Life is hard, and the world is cruel
Sorry, to all you childless bachelors out there, but my loyalty lies 110% to my son and family not to you or anybody else outside my family, I already have precious little time with him as is, I don't care if you or management or *anyone else* thinks I'm a team player or not, truly. I do my contracted work, take my pay then I'm outta there.
It does go both ways as well. People without kids bitch that people with kids leave when their child is sick (you know, to be *parents*) or whatever, but then people without kids want to work their lives away, then expect us to as well? Sorry if your to spineless to stand up to your boss that's YOUR problem, no one elses. Otherwise you enjoy doing it, and well if you expect me to work late and have my boy miss out on seeing his old man before bed because you have nothing better to do than work for an extra few hours you can fuck right off.
The worst thing here, is that the 90% of people complaining about "people with kids" statistically, in a a few years when they grow up will BE "people with kids". Then will understand, not through a selfish hypocritical flip-flop, but because when that little tacker comes along you have *no choice* as your brain changes and with it your priorities, whether you like it or not.
And we *people with kids* were all just like you once, I even used to bitch about *people with kids*, just like you.
Ironically all the people without kids bitching here will then bitch about how people don't, you know, "be a parent" to their kids in the multitude of other stories regarding kids.
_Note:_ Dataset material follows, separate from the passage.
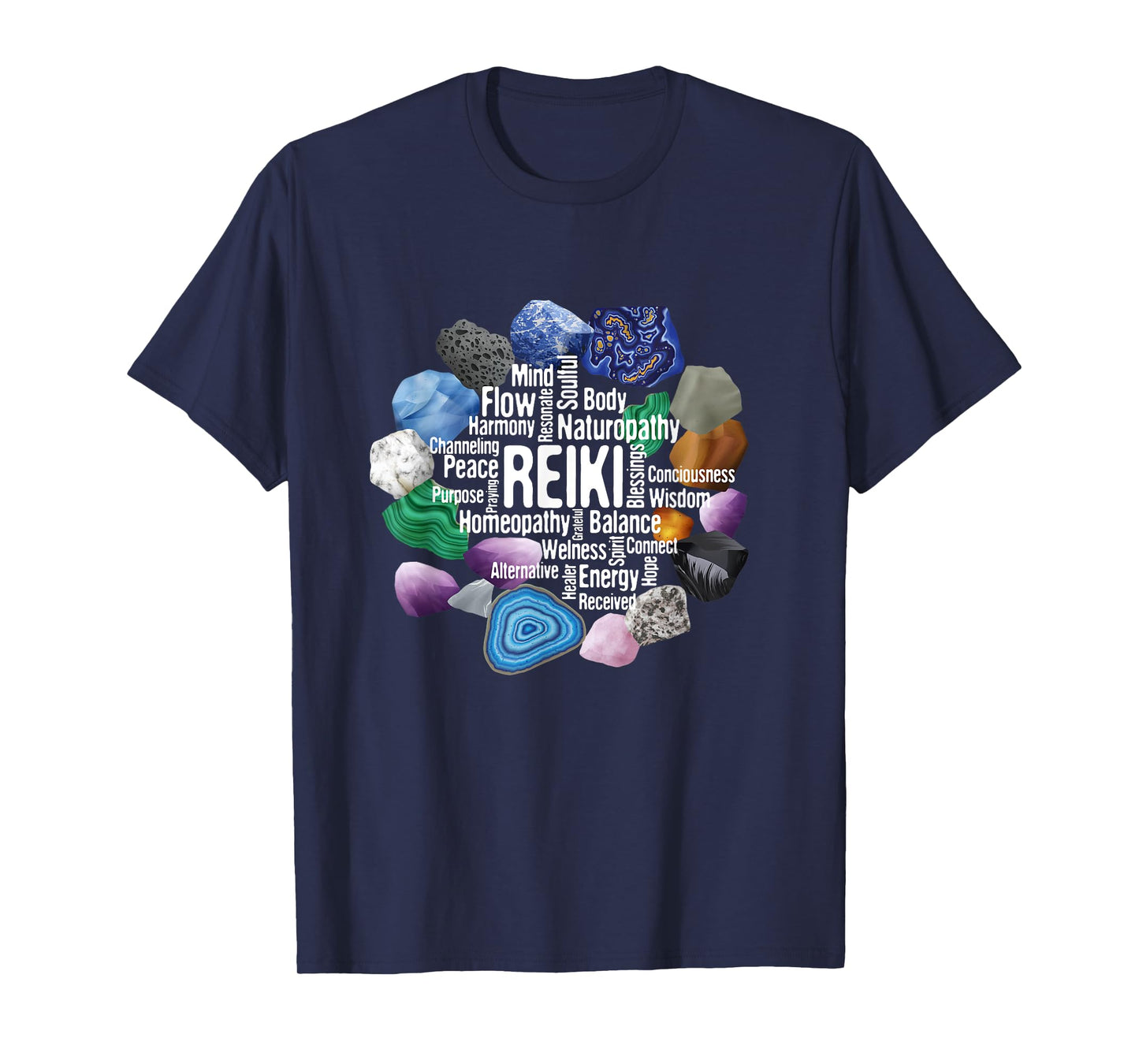 Reiki - Chakra Meditation Holistic Healer Peace Seeker T-Shirt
Well I'll tell ya it's a little hard when you all expect us to forget about them for 8-12 hours a day and see them awake for twenty minutes, because we know how much your going to cry because you choose to marry your job/company and we treat it like a means to an end and leave on time.
So much juvenile idiocy in this thread.
So they can have a standard of living that isn't hand-to-mouth? It's really fucking hard to make ends meet at a level that doesn't feel suspiciously like poverty or society-dropout-cult-membership without both spouses working.
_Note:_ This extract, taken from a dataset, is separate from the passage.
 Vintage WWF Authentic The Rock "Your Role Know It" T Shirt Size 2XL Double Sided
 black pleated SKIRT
There's also both spouses who have paid dearly for post-secondary education and want to put it to use so that they add some meaning and value to their life outside of childcare and homemaking.
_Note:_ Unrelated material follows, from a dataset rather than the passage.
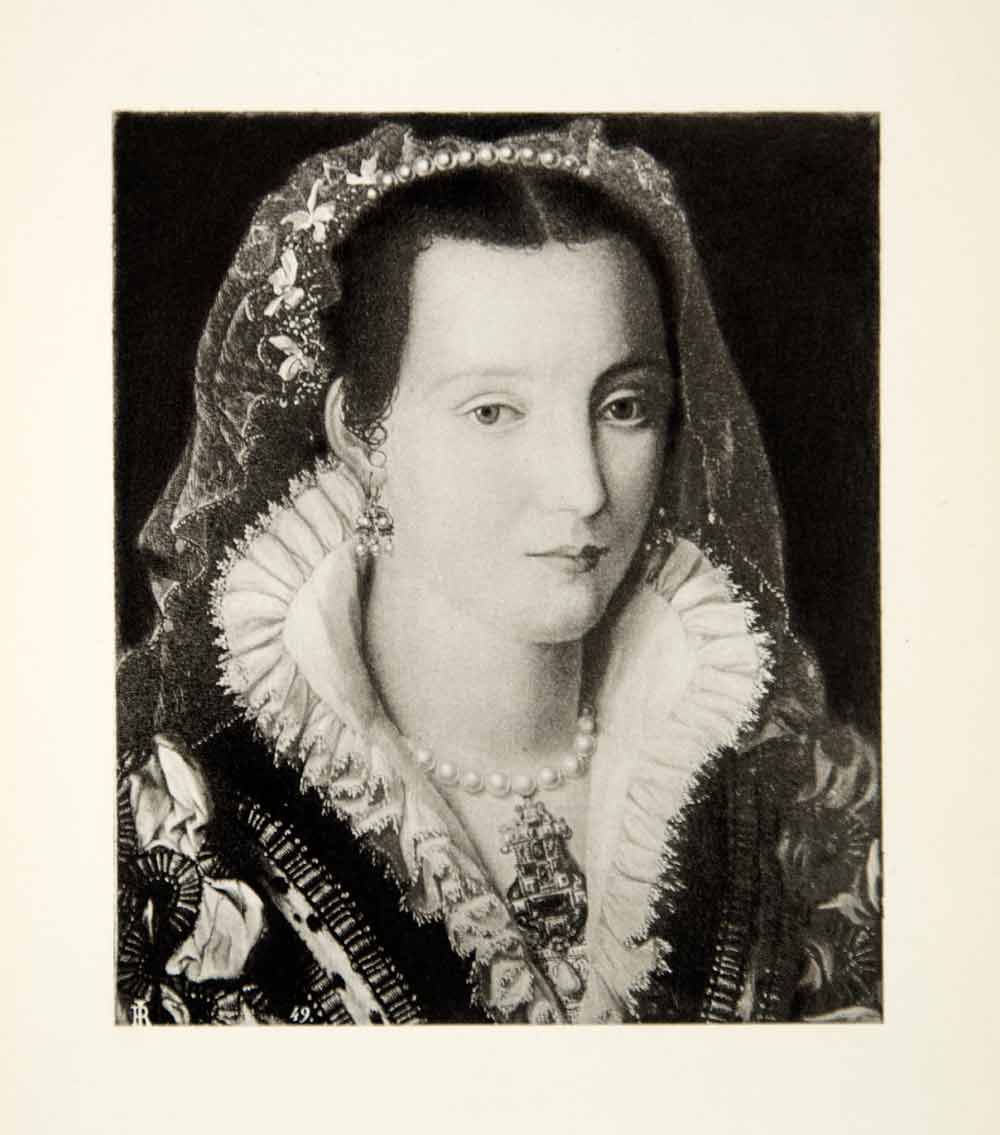 1897 Photogravure Bianca Cappello Portrait Florence Renaissance Ruff XEEA8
I know a lot of people, usually women but some men too, who would love a part-time job that would enable them to do a lot more childcare, but we have a labor market that is quite hostile to part-time employment at meaningful wages.
I don't know where the idea came from that having children was some bad economic choice made by self-absorbed assholes who want to suck up more resources at the expense of all the "smart" people who decided that children were a bad idea. But clearly its seen that way by many people, and the labor market largely reinforces this.